### Working data
*** Begin section ***

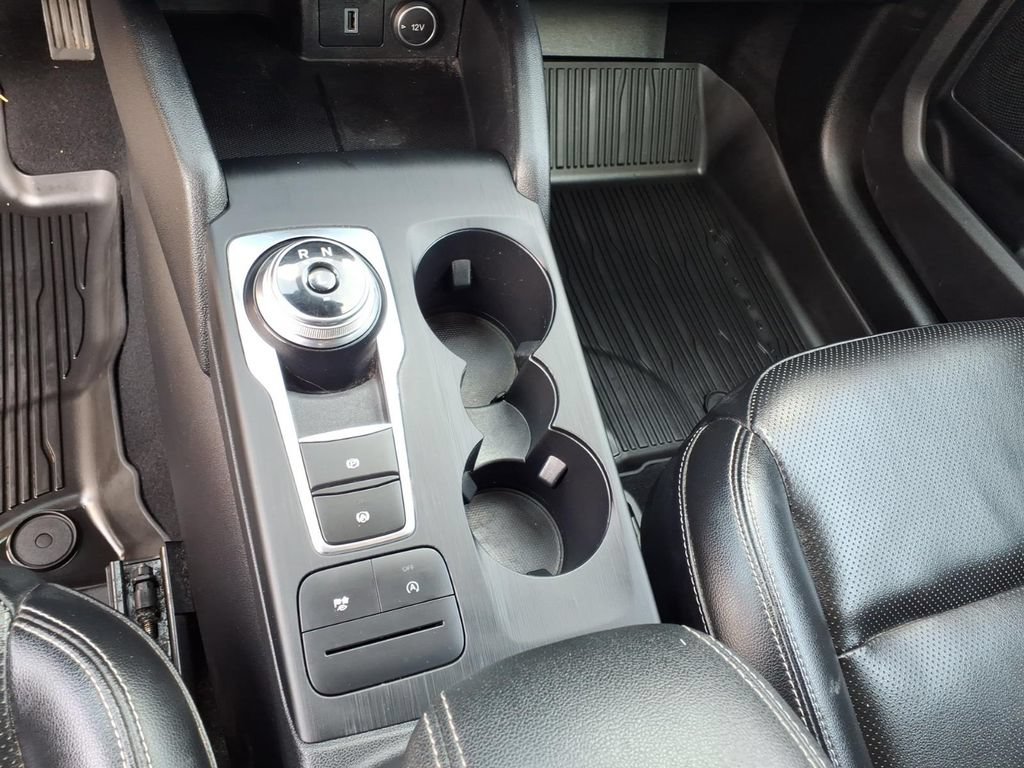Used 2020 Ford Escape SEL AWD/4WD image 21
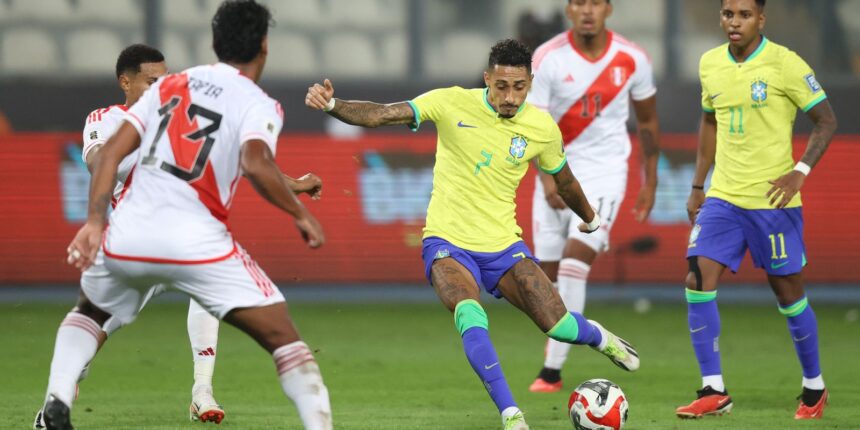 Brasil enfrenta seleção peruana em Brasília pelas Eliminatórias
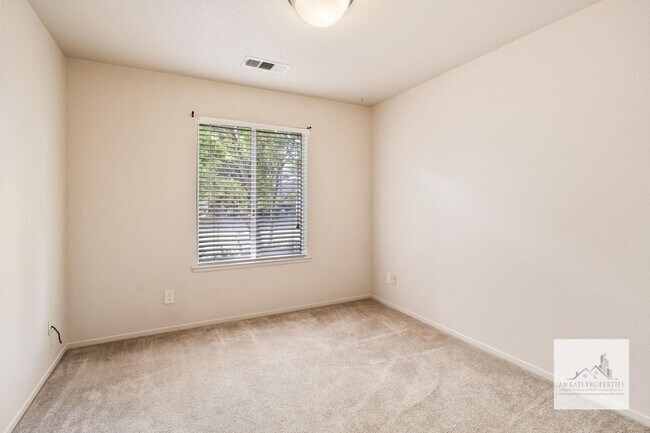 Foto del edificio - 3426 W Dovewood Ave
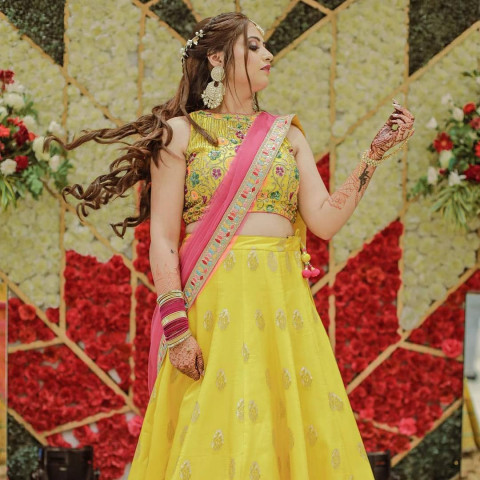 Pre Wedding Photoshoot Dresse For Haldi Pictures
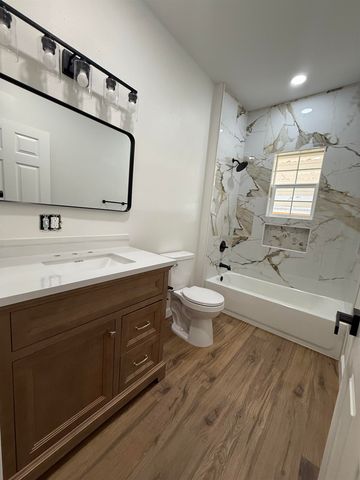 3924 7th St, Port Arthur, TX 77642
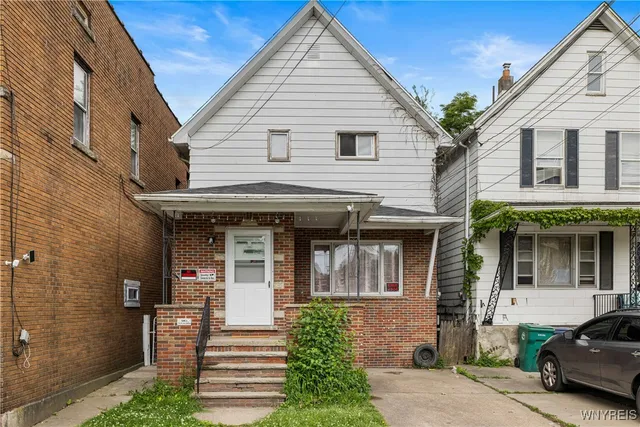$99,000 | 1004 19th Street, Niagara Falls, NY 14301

*** End section ***
*** Begin section ***

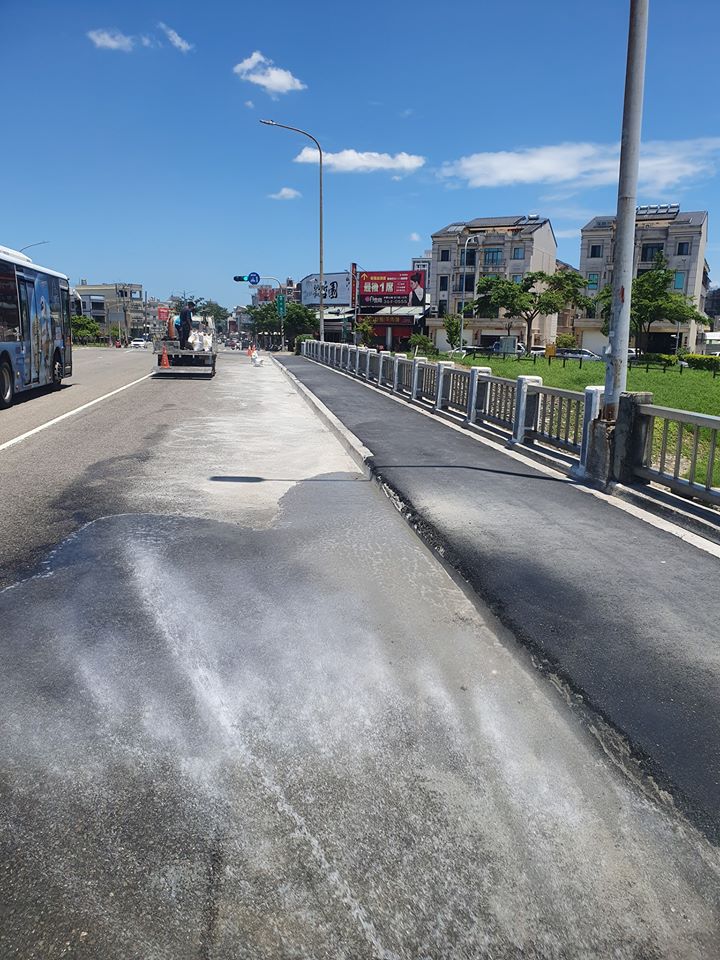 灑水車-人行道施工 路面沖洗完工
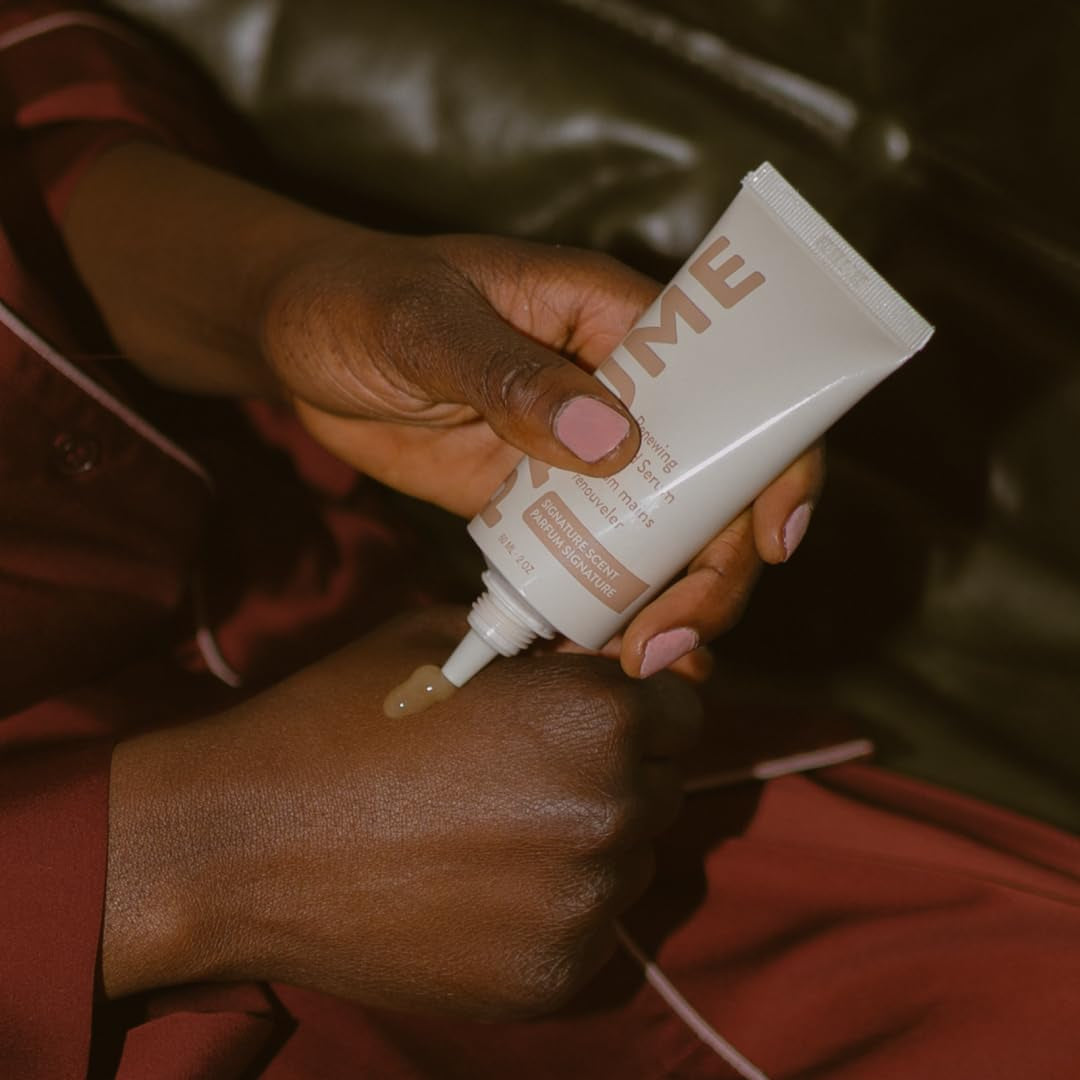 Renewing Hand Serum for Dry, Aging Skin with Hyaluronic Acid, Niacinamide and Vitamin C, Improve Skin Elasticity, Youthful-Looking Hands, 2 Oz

*** End section ***

### Your assignment
Transcribe exactly the lines above, beginning at the one with "Pre Wedding Photoshoot" and going up to and including the one with "Falls, NY 14301". Pictures do not belong in the copy.

### Exercise response
 Pre Wedding Photoshoot Dresse For Haldi Pictures
 3924 7th St, Port Arthur, TX 77642
$99,000 | 1004 19th Street, Niagara Falls, NY 14301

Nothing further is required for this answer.